● TASK BRIEF:
In the entries below, find the line containing "this 250×188 image.". Copy it and all lines after it, exactly, through the end.

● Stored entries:
==================================================

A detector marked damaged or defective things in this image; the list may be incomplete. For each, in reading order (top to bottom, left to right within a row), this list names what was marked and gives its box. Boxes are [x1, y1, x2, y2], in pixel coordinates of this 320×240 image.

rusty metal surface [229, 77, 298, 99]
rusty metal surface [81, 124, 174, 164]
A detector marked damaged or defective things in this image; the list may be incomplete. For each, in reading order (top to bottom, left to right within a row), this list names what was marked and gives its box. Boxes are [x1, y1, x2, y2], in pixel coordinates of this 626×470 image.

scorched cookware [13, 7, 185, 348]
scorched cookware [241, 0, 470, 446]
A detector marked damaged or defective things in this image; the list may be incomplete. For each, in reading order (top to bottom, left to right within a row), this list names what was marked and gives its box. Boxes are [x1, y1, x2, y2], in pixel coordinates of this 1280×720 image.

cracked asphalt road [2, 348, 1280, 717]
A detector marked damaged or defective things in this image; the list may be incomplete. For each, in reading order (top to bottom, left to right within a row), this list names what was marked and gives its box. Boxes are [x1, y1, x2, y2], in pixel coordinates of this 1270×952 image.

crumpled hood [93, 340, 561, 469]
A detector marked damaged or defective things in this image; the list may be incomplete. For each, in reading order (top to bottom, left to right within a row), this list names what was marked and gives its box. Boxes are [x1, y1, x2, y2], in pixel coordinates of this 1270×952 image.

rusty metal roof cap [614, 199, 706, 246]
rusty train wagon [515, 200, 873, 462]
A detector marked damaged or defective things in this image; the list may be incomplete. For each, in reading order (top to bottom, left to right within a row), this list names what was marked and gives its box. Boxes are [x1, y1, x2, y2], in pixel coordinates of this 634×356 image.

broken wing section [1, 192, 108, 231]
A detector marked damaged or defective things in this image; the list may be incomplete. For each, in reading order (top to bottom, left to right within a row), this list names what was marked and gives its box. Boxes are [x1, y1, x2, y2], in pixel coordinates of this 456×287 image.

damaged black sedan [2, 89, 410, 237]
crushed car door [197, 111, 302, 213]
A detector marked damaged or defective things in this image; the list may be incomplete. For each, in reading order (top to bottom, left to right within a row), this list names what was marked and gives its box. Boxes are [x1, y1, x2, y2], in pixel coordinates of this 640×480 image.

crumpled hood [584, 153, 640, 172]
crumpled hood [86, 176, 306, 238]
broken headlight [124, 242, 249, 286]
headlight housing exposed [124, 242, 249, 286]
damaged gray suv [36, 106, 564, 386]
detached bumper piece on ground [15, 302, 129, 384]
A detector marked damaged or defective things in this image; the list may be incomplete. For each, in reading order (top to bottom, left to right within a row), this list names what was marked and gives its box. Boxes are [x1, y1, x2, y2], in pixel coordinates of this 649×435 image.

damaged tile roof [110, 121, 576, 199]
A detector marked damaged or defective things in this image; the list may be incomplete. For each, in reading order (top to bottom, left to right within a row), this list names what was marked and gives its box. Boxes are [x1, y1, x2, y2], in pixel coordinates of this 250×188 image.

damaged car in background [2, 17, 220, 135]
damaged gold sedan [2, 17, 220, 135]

==================================================

● RESPONSE TO THIS EXERCISE:
A detector marked damaged or defective things in this image; the list may be incomplete. For each, in reading order (top to bottom, left to right within a row), this list names what was marked and gives its box. Boxes are [x1, y1, x2, y2], in pixel coordinates of this 250×188 image.

damaged car in background [2, 17, 220, 135]
damaged gold sedan [2, 17, 220, 135]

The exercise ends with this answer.